<<<<
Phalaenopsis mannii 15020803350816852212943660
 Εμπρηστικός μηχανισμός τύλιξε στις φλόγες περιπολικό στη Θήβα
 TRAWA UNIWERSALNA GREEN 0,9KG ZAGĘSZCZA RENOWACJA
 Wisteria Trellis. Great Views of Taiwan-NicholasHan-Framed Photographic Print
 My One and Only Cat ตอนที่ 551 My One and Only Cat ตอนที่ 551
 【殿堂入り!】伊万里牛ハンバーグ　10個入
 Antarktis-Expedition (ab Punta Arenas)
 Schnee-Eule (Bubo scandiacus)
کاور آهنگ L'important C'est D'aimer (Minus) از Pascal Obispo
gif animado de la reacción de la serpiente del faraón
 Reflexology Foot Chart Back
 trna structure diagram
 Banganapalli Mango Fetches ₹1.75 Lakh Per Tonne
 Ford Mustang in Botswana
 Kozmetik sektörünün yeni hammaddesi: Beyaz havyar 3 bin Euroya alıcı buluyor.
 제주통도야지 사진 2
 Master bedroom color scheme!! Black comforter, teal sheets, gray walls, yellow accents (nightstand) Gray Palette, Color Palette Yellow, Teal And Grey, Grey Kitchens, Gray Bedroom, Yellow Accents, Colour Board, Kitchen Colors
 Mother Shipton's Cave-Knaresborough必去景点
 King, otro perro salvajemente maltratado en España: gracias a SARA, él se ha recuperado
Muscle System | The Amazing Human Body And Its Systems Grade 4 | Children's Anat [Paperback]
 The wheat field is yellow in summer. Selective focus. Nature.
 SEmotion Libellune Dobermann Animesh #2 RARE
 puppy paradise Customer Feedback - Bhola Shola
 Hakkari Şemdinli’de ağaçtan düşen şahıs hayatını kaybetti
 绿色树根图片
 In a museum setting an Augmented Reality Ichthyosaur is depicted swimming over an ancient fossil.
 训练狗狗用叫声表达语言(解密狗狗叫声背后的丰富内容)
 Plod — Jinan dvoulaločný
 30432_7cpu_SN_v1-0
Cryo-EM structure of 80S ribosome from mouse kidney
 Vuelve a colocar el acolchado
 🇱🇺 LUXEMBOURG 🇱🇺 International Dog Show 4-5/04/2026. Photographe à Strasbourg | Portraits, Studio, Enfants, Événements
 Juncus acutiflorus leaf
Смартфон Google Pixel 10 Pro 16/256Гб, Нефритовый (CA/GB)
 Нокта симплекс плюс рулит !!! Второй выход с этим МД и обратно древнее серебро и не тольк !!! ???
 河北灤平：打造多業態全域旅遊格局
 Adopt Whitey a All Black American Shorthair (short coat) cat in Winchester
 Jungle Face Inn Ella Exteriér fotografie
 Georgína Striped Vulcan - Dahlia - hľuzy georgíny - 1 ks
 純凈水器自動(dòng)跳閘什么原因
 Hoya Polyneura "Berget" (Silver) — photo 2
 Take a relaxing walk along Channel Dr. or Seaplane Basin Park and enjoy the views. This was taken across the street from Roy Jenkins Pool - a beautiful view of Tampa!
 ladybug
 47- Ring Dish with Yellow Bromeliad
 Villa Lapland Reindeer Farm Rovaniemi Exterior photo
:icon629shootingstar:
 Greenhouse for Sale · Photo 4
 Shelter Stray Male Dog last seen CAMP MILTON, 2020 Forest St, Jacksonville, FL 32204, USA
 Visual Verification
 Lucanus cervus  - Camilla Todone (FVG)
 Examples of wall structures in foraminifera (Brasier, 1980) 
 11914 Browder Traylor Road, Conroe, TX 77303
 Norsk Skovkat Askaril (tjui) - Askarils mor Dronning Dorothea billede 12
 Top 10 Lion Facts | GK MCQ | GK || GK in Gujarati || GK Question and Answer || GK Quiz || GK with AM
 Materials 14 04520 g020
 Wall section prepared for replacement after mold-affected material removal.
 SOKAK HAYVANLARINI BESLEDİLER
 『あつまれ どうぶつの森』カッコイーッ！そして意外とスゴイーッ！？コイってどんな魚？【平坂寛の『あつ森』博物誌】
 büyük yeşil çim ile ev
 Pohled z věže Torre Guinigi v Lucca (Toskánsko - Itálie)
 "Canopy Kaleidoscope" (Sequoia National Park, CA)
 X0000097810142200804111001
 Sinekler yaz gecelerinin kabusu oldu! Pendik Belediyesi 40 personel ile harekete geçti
>>>>
• _YOUR GOAL_: Every line from the one containing "Pohled z věže" to the close of the records must be reproduced exactly. Include both ends and nothing more.

• _TASK RESULT_:
 Pohled z věže Torre Guinigi v Lucca (Toskánsko - Itálie)
 "Canopy Kaleidoscope" (Sequoia National Park, CA)
 X0000097810142200804111001
 Sinekler yaz gecelerinin kabusu oldu! Pendik Belediyesi 40 personel ile harekete geçti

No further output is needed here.